> What you need to do: Nothing in the records may be altered, and no picture may be included. Restate them in full.

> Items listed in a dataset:

++++++++++++++++++++

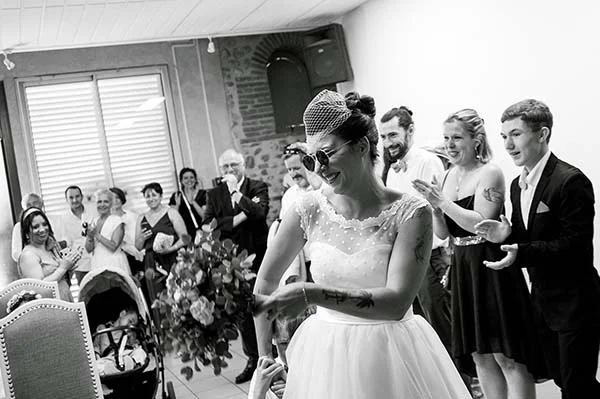 Mariée souriante en robe blanche et lunettes de soleil, entourée d'invités joyeux, dans un cliché noir et blanc.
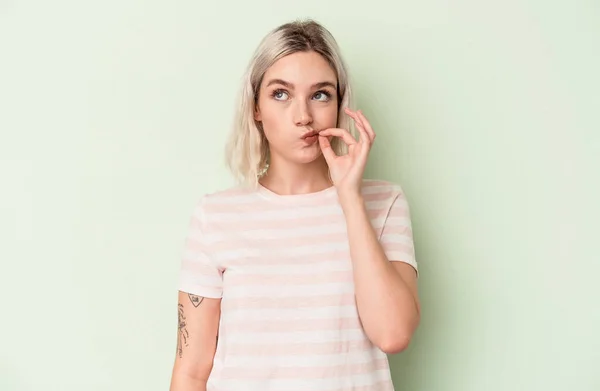 Young Caucasian Woman Isolated Green Background Fingers Lips Keeping Secret — Stock Photo, Image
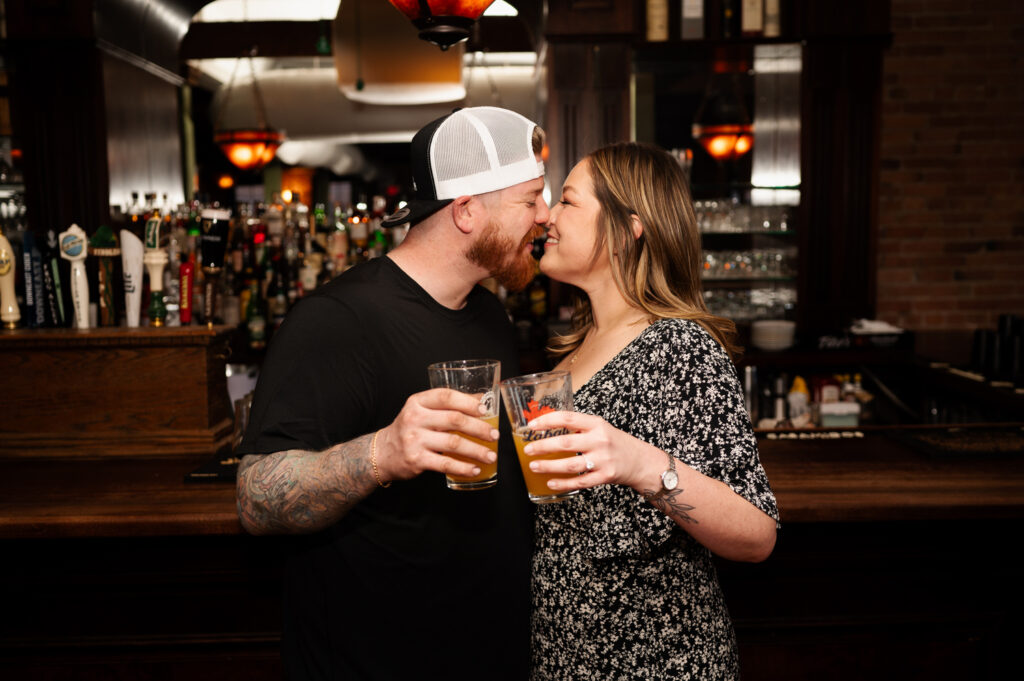 Sharing a kiss at Harvey's Pub in downtown Saratoga Springs during their engagement photos with Austin Ryan Photo.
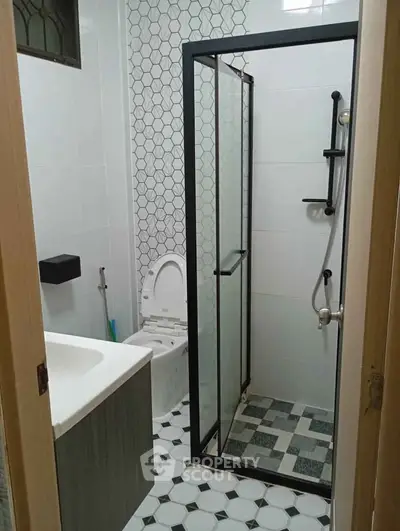 Modern bathroom with geometric tiles and glass shower enclosure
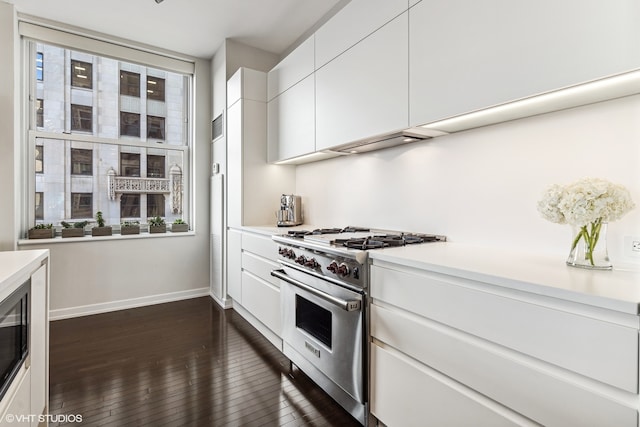 kitchen featuring premium stove, plenty of natural light, dark wood-type flooring, and white cabinets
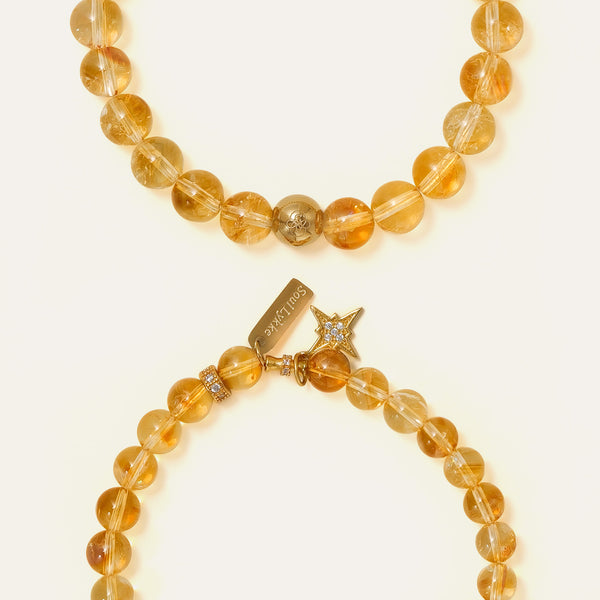 Comparison detail shot showing two premium Honey Citrine bracelets: one with a gold PVD signature bead and one with an engraved Soul Lykke brand tag and star charm, both featuring high clarity natural gemstones.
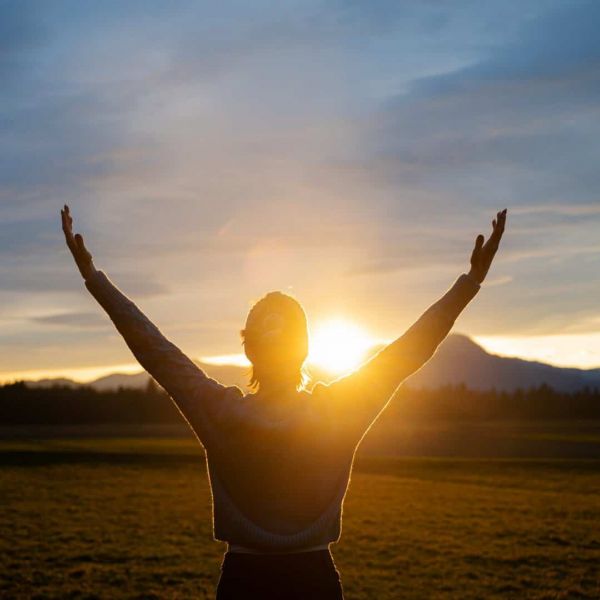 client outdoors at sunrise during holistic treatment program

++++++++++++++++++++

> Solution for this task:
 Mariée souriante en robe blanche et lunettes de soleil, entourée d'invités joyeux, dans un cliché noir et blanc.
 Young Caucasian Woman Isolated Green Background Fingers Lips Keeping Secret — Stock Photo, Image
 Sharing a kiss at Harvey's Pub in downtown Saratoga Springs during their engagement photos with Austin Ryan Photo.
 Modern bathroom with geometric tiles and glass shower enclosure
 kitchen featuring premium stove, plenty of natural light, dark wood-type flooring, and white cabinets
 Comparison detail shot showing two premium Honey Citrine bracelets: one with a gold PVD signature bead and one with an engraved Soul Lykke brand tag and star charm, both featuring high clarity natural gemstones.
 client outdoors at sunrise during holistic treatment program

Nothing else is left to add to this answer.